|Beyond the Fringe|
|Written by||Alan Bennett
|Date premiered||22 August 1960|
|Place premiered||Royal Lyceum Theatre, Edinburgh|
Beyond the Fringe was a British comedy stage revue written and performed by Peter Cook, Dudley Moore, Alan Bennett, and Jonathan Miller. It played in London's West End and then in America, both on tour and on New York's Broadway in the early 1960s. Hugely successful, it is widely regarded as seminal to the “satire boom”, the rise of satirical comedy in 1960s Britain.
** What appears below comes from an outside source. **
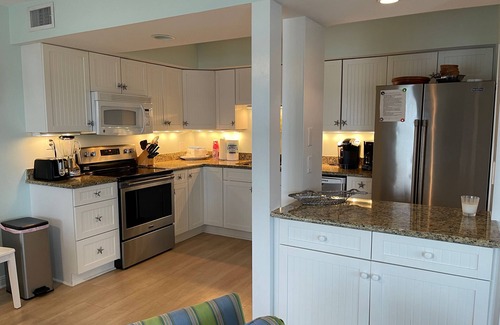 Wrightsville Beach Condominio | ¡Ubicación!Frente de sonido, vista al mar, muelle privado y estilo caribeño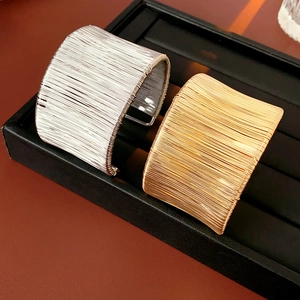Dettaglio di bracciali aperti in oro e argento con trama a filo metallico avvolto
The show was conceived in 1960 by an Oxford graduate, Robert Ponsonby, artistic director for the Edinburgh International Festival, with the idea of bringing together the best of revues by the Cambridge Footlights and The Oxford Revue, which had both transferred to Edinburgh for short runs in previous years. John Bassett, a graduate of Wadham College, Oxford, who was Ponsonby's assistant, recommended Dudley Moore, his jazz bandmate and a rising cabaret talent. Moore in turn recommended Alan Bennett, who had had a hit at Edinburgh a few years before. Bassett also chose Jonathan Miller, who had been a Footlights star in 1957. Miller recommended Cook.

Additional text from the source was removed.